In the middle of the document a date of 

"11 October 1834, Casale," 

is written in the Count’s hand. The format of this one page document, with the date in the middle and not at the head of the page, leaves some room for interpretation as to all of its implications. However, the margins of this page contain numerous currency conversions in the hand of Matilde, Count Cozio’s daughter, who also wrote the word "sold" written next to the entry of the 1716 violin.

At the very least, MS 81 casts considerable doubt on the notion that the Count sold the violin in 1827 to
Luigi Tarisio. Rather, the dating of the page and the fact that the Count’s daughter added her own comments, would strongly suggest that the violin was sold after October 1834 or perhaps near (or after) the end of Cozio’s life in December 1840. The purchaser of the violin is not mentioned, even though other documents in the Count’s archive show that Tarisio’s non-Stradivari purchases between 1839 and 1841 were quite extensive. Thus, there is nothing amongst Cozio’s existing papers which enable the historian to make a connection between his 1716 Stradivari and the violin in Oxford. #

                                                                   Duane Rosengard

 

In Summation:

With the help of Duane Rosengard we can now compare Count Cozio's description of his 1716 violin, with the description of the Messiah given in the monograph by W. E. Hill and Sons first published in 1891 and with a visual description of the violin in Oxford as it appears today. Excerpted comparisons:

1.) from MS 42, [Strong red varnish, fine turning to pastel.]

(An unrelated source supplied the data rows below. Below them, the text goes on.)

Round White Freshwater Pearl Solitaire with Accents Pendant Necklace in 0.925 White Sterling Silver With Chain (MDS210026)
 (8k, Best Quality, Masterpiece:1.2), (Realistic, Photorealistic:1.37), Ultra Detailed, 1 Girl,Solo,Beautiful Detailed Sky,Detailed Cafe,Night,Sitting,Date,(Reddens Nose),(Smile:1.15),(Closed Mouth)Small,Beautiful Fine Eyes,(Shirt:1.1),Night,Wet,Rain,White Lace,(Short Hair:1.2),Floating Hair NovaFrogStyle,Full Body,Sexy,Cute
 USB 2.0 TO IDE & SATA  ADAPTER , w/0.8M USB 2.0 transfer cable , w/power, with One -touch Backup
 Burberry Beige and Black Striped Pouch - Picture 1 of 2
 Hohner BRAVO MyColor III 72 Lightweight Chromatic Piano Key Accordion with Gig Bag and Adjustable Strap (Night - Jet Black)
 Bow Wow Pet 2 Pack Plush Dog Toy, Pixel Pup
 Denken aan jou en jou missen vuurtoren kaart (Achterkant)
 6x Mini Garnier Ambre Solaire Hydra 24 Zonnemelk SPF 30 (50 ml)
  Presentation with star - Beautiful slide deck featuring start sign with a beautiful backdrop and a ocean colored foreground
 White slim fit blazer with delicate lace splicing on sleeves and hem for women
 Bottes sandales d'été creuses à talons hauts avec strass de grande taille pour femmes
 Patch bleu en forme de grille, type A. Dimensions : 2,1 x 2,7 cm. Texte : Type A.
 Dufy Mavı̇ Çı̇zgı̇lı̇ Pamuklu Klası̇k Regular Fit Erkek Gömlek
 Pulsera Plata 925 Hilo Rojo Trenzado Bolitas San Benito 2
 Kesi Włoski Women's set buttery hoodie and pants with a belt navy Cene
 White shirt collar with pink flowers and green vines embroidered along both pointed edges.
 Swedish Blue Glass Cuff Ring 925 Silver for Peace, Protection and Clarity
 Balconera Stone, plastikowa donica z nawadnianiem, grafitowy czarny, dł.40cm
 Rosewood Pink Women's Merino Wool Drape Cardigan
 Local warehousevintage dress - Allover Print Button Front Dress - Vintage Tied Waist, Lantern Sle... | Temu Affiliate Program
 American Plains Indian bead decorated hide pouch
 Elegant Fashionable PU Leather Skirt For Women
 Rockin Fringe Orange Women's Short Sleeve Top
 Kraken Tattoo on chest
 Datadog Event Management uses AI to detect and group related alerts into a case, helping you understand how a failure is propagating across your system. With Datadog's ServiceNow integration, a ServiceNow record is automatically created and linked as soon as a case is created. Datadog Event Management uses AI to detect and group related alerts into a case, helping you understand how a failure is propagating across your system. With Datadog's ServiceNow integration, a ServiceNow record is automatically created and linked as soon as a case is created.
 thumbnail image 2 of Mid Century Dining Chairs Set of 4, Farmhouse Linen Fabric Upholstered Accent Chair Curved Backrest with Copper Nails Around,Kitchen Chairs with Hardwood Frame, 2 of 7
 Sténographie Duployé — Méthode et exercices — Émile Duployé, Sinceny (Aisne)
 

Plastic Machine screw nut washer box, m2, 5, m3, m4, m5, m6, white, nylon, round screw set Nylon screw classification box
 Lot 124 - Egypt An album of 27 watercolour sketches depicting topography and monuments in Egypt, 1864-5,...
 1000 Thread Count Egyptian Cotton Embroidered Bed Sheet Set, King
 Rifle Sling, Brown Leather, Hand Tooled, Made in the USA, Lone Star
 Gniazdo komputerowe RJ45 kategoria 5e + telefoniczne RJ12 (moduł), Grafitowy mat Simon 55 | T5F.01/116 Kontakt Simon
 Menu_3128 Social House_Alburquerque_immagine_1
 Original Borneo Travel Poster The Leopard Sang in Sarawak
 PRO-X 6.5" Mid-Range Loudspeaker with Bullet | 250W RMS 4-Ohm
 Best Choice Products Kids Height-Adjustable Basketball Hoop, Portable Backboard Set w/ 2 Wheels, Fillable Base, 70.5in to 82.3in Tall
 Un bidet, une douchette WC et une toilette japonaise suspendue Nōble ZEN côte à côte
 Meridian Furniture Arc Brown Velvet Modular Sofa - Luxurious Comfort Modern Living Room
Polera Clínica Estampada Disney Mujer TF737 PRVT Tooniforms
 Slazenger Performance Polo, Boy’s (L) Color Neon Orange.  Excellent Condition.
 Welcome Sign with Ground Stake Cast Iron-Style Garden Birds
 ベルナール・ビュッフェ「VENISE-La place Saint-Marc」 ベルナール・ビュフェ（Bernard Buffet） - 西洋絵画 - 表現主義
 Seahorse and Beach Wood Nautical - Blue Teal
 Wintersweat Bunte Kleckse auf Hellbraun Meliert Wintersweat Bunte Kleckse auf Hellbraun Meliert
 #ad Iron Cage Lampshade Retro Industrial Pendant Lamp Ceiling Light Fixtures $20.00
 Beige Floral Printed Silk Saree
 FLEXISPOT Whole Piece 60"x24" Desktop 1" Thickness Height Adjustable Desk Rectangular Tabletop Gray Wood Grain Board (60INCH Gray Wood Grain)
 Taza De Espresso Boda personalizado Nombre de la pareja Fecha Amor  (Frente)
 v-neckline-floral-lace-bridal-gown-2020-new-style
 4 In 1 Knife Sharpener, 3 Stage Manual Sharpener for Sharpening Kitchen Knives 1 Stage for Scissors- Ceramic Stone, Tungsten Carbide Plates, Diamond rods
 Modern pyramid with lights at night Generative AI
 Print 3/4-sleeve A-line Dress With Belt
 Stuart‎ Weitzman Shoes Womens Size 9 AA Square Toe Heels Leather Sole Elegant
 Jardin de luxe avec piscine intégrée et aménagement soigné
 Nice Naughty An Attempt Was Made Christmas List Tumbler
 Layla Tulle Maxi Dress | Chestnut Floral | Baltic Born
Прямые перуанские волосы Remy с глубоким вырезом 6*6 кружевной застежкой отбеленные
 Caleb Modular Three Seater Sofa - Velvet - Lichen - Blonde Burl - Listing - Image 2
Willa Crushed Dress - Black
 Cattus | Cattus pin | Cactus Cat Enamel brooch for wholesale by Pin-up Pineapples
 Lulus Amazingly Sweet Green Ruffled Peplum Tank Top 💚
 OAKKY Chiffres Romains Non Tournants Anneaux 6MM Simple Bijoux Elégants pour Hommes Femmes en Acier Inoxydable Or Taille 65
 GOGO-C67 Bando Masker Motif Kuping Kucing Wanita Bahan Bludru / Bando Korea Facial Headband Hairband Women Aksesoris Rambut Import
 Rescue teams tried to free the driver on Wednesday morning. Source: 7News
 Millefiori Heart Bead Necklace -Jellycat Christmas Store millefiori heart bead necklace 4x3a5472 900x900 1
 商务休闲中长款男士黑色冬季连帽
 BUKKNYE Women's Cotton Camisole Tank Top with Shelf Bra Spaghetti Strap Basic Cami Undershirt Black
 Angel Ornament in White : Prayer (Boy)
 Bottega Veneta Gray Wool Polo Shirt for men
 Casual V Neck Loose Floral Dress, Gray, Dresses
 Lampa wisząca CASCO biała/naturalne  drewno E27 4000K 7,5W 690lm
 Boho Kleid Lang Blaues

     The Hill's say "It [the varnish] has not perhaps the luscious richness of some of Stradivari's instruments, and it appears drier and less thickly laid on than usual in violins of the same period."

2.) [Very fine work in all the parts with very beautiful purfling.]

     The violin in Oxford does not have purfling representative of  the finest work from Stradivari.             

3.) [Table of straight grain and gradated of medium width with a patch for reinforcement above the soundpost placed there by the maker.] 

     No such patch mentioned by the Hills or apparent today.

 4.) [Two piece back. Brilliant, wide grain and not joined with the grain, and the grain turning upwards a little.] 

     If we read Cozio literally as we would read a violin description today it would suggest that the flame in the back of the violin is ascending from the center joint. The wood in the back of the violin in Oxford descends from the center joint.

 5.) [ribs and neck of equal beautiful wood.]

     The Hill's say, "The sides and head, as well as the neck, which is original, are perhaps a little plain in comparison with the back" The Hill's description is consistent with my own observations.

 6.) from  MS 41: [with a patch above the soundpost under the bridge for strength [that] was put by the maker during the construction of
      the violin itself.]


     As stated above, no such defect is mentioned by the Hills who had the violin apart.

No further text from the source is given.